SIA: Symbolic Interpretability for Anticipatory Deep Reinforcement Learning in Network Control
MohammadErfan Jabbari, Abhishek Duttagupta, Claudio Fiandrino, Leonardo Bonati, Salvatore D'Oro, Michele Polese, Marco Fiore, Tommaso Melodia
TL;DR
SIA addresses the opacity of forecast-aware deep reinforcement learning for network control by introducing Symbolic Interpretability for Anticipatory DRL. It combines Symbolic AI with per-KPI Knowledge Graphs to produce real-time, global and local explanations, anchored by a novel Influence Score that disentangles current-state and forecast effects. The framework includes an optional Action Refinement module that improves performance without retraining, demonstrated across ABR, Massive MIMO scheduling, and RAN slicing with sub-millisecond latency and notable gains (e.g., up to 9% bitrate increase and 25% reward boost).
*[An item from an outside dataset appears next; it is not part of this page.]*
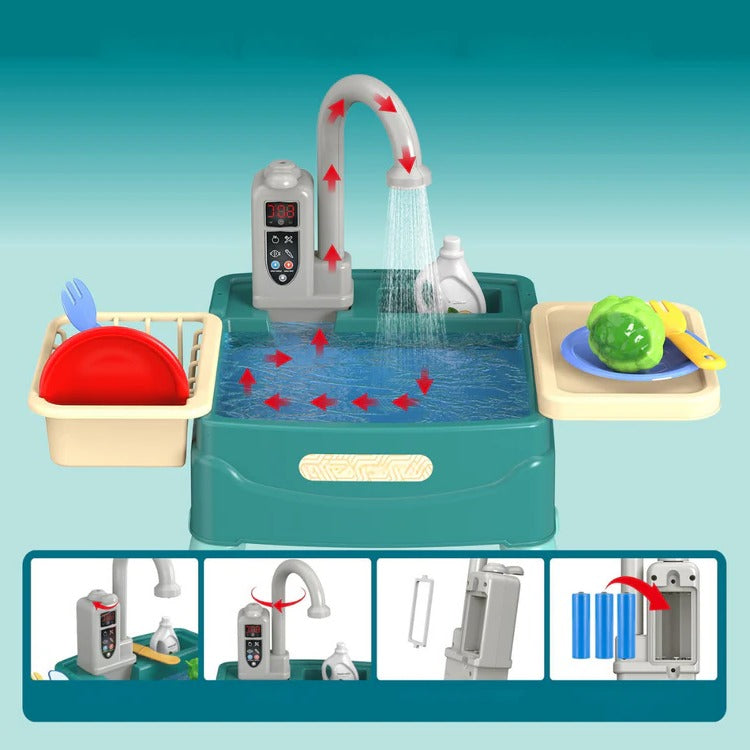 Children’s Play Kitchen with Flowing Water Feature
By making anticipatory control transparent and tunable, SIA lowers barriers to deployment of proactive network management in 5G/6G contexts.
Abstract
Deep reinforcement learning (DRL) promises adaptive control for future mobile networks but conventional agents remain reactive: they act on past and current measurements and cannot leverage short-term forecasts of exogenous KPIs such as bandwidth. Augmenting agents with predictions can overcome this temporal myopia, yet uptake in networking is scarce because forecast-aware agents act as closed-boxes; operators cannot tell whether predictions guide decisions or justify the added complexity. We propose SIA, the first interpreter that exposes in real time how forecast-augmented DRL agents operate. SIA fuses Symbolic AI abstractions with per-KPI Knowledge Graphs to produce explanations, and includes a new Influence Score metric. SIA achieves sub-millisecond speed, over 200x faster than existing XAI methods. We evaluate SIA on three diverse networking use cases, uncovering hidden issues, including temporal misalignment in forecast integration and reward-design biases that trigger counter-productive policies. These insights enable targeted fixes: a redesigned agent achieves a 9% higher average bitrate in video streaming, and SIA's online Action-Refinement module improves RAN-slicing reward by 25% without retraining. By making anticipatory DRL transparent and tunable, SIA lowers the barrier to proactive control in next-generation mobile networks.